### Supplied entries
_____

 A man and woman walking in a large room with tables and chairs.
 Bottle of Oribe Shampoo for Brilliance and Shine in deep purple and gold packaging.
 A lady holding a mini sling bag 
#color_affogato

_____

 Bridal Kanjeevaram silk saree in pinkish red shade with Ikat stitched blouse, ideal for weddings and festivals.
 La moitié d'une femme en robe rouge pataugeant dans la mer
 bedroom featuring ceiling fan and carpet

_____

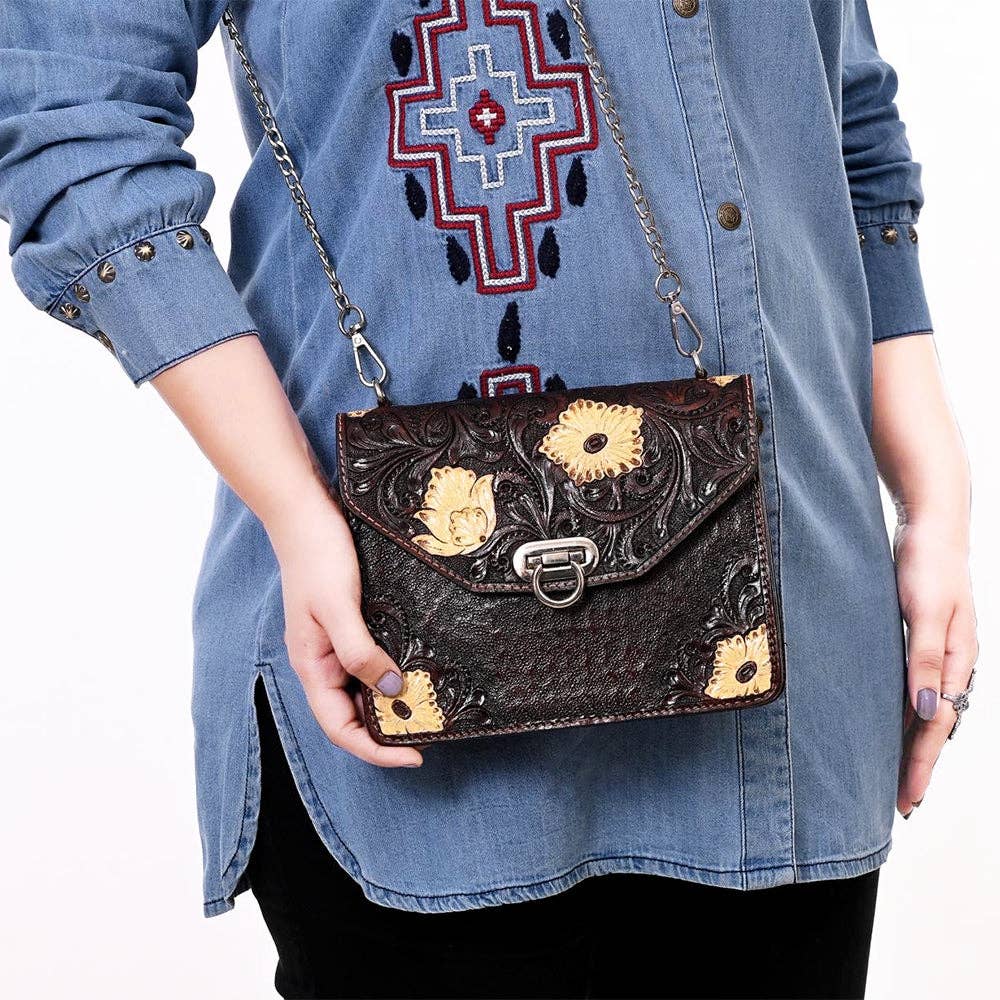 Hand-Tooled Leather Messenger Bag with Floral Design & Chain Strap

_____

### What to work on
The response should be the listing above, limited to the lines between the one holding "A man and woman" and the one holding "#color_affogato", inclusive, reproduced exactly.

### Expected answer
 A man and woman walking in a large room with tables and chairs.
 Bottle of Oribe Shampoo for Brilliance and Shine in deep purple and gold packaging.
 A lady holding a mini sling bag 
#color_affogato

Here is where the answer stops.